*** Begin section ***

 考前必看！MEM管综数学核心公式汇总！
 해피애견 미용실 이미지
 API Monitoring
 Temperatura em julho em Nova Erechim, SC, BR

*** End section ***
*** Begin section ***

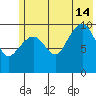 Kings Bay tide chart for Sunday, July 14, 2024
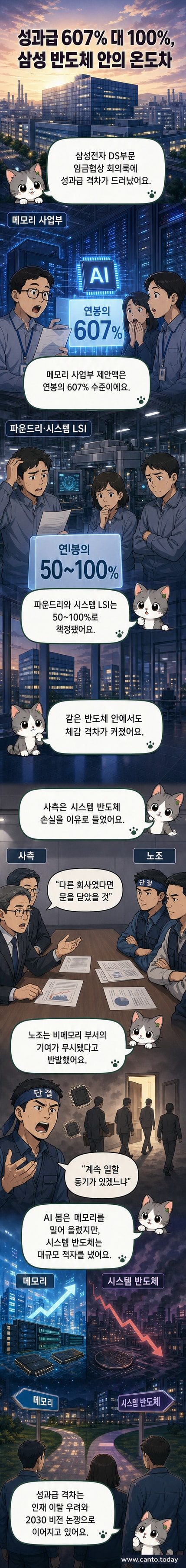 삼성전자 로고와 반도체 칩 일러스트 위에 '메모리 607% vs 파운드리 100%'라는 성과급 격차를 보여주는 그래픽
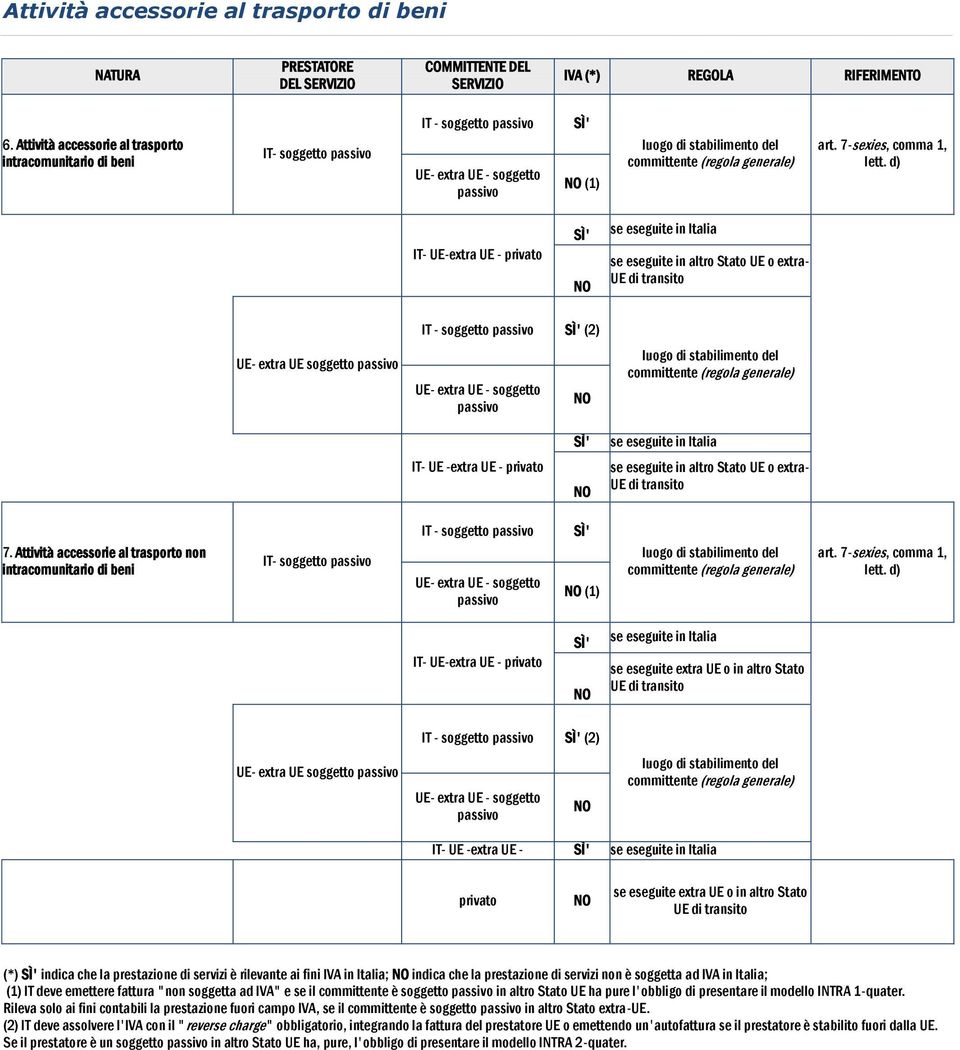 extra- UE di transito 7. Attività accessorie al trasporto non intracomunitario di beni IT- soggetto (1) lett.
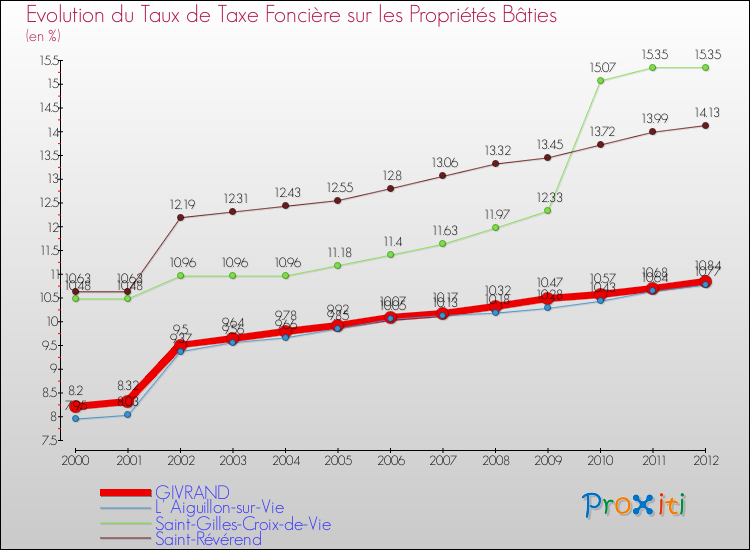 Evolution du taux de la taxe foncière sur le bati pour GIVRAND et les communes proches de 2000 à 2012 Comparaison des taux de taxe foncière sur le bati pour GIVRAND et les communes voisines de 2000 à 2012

*** End section ***
*** Begin section ***

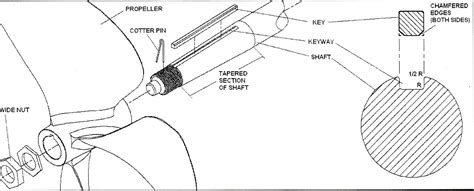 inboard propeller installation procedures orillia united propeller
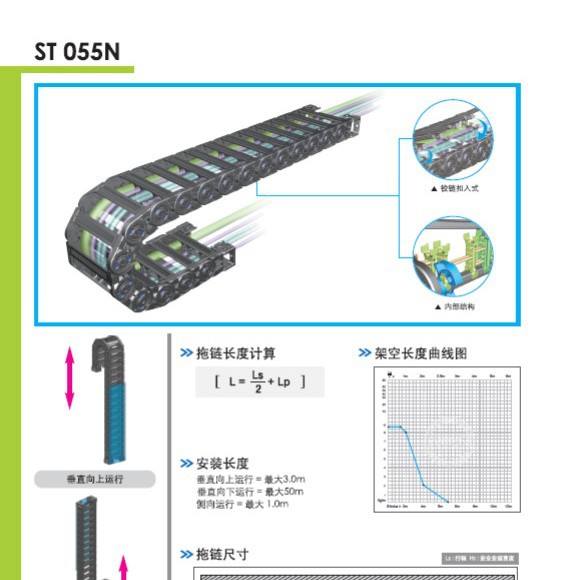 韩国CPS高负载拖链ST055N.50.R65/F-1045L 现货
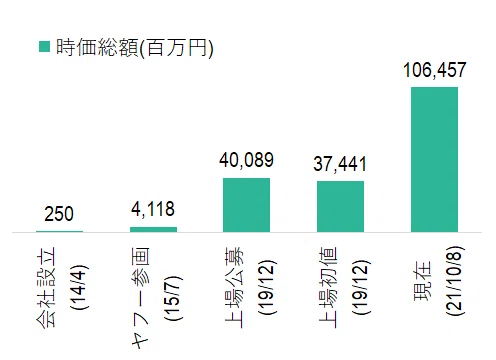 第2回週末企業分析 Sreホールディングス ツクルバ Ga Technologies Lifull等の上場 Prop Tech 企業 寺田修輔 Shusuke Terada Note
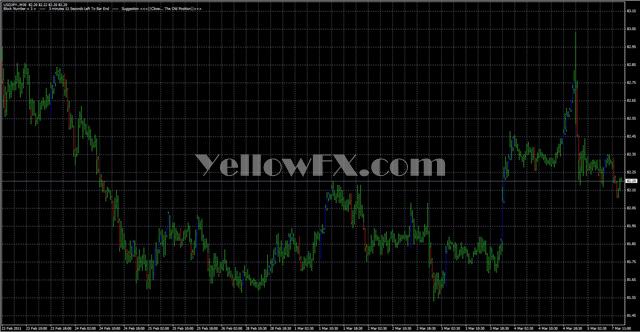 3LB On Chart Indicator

*** End section ***

- ASSIGNMENT -
Above are records; repeat only the lines from the line with "Kings Bay tide" through the line with "extra- UE di", and leave pictures out.

- RESPONSE FOR THIS EXERCISE -
 Kings Bay tide chart for Sunday, July 14, 2024
 삼성전자 로고와 반도체 칩 일러스트 위에 '메모리 607% vs 파운드리 100%'라는 성과급 격차를 보여주는 그래픽
 extra- UE di transito 7. Attività accessorie al trasporto non intracomunitario di beni IT- soggetto (1) lett.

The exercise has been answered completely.